WhatFinger


Republican primaries

Shock Study: Snoopy Extends His Lead



A new study published today suggests that, with the start of actual voting barely a month away, the frontrunner in the Republican primaries remains Charlie Brown’s beagle, Snoopy.
With write-in votes being an option in the primaries, and so many Republicans disappointed in this year’s crop of declared candidates, Snoopy has wisely chosen to extend his lead by staying out of the debates, and making few media appearances, apart from his highly publicized work in the Peanuts Thanksgiving and (upcoming) Christmas specials. There are many possible explanations for Snoopy’s surprisingly sizable advantage over the mainstream candidates at this stage of the process. The most likely, according to the study’s author, are the following:

Support Canada Free Press


  1. The Lucy Theory. No Peanuts motif is more iconic than that of Lucy van Pelt offering to hold the football for Charlie Brown to kick, year after year engendering hope in the poor boy, only to pull it away at the last moment, leaving Charlie to fall helplessly onto his back again and again. And no image more accurately captures the spirit of Barack Obama. Obama is Lucy to America’s Charlie. So who could be a better opponent for Barack van Pelt than Snoopy, who so magnificently undermines Lucy on so many occasions? Just picture the debates: Snoopy literally dancing rings around Obama/Lucy, until, when the President finally turns around and finds him, Snoopy plants a big, mocking kiss on his face. AARRGGHH! (Not to mention the added benefit of the points this conclusion might score with moderate gays.)

  2. He can’t talk. When Romney speaks, people who care about the survival of modern civilization quickly fall into tapping their feet impatiently, waiting for him to finish. Gingrich has, over a long and distinguished career as Hugo, the Man of a Thousand Faces, wedged himself into that awkward position where there is literally nothing he can say on any topic that is not a contradiction of something else he has said on that topic. His method of evading this problem is to talk so much, with so many cockamamie historical allusions, that no one really hears what he’s saying anymore. Snoopy, by pleasant contrast, rarely makes a sound, aside from the well-placed beaglish sigh or moan—which perfectly captures the mood of modern American conservatives faced two such weak alternatives in the primaries.

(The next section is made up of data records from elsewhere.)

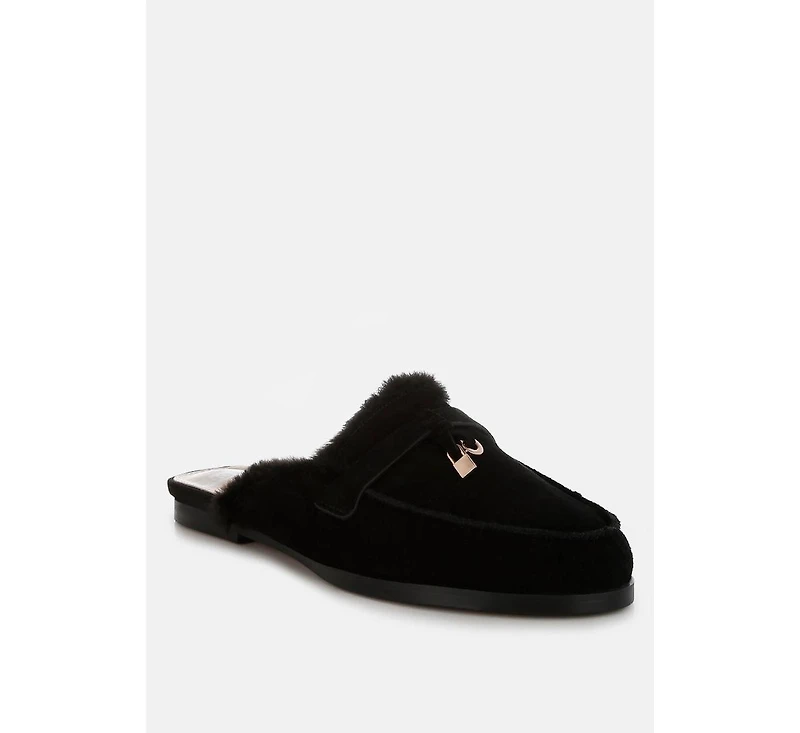 Bosnia Suede & Faux Fur Slip On Mules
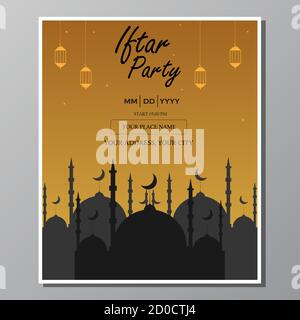 Illustration Vektor Design von Iftar Party Flyer Stock Vektor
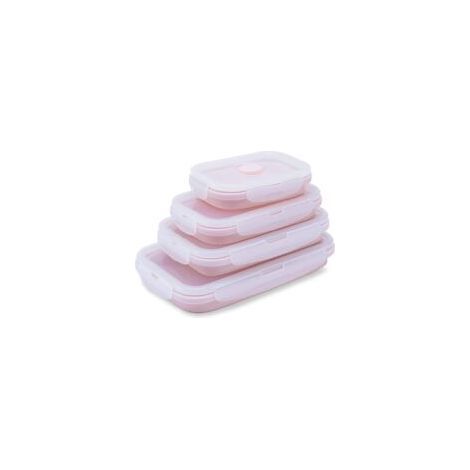 Zusammenfaltbarer Silikon-Lebensmittelbehälter, BPA-frei, ResQIEDOVIEYose, mit luftdichtem Kunststoffdeckel für die Küche, Pink (1/5)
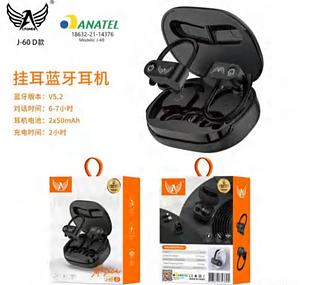 Fone de ouvido Sem fio Tempo de reprodução: 6 à 7 horas Bluetooth Tempo de carregamento: 2 horas J60D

  3. Everyone loves Snoopy! His appeal cuts across political, racial and religious lines. His military service (fighting the Red Baron), his devoted friendship with a bird named Woodstock (boomers!), and his various associations with the jazz world, including his alter ego Joe Cool, are sure to be an attraction to Independents and Reagan Democrats; and his entrepreneurial spirit, as seen, for example, in his prize-winning Christmas decoration of his dog house, has a huge appeal with Tea Party conservatives, who want someone from outside the Washington Establishment, someone with private sector experience.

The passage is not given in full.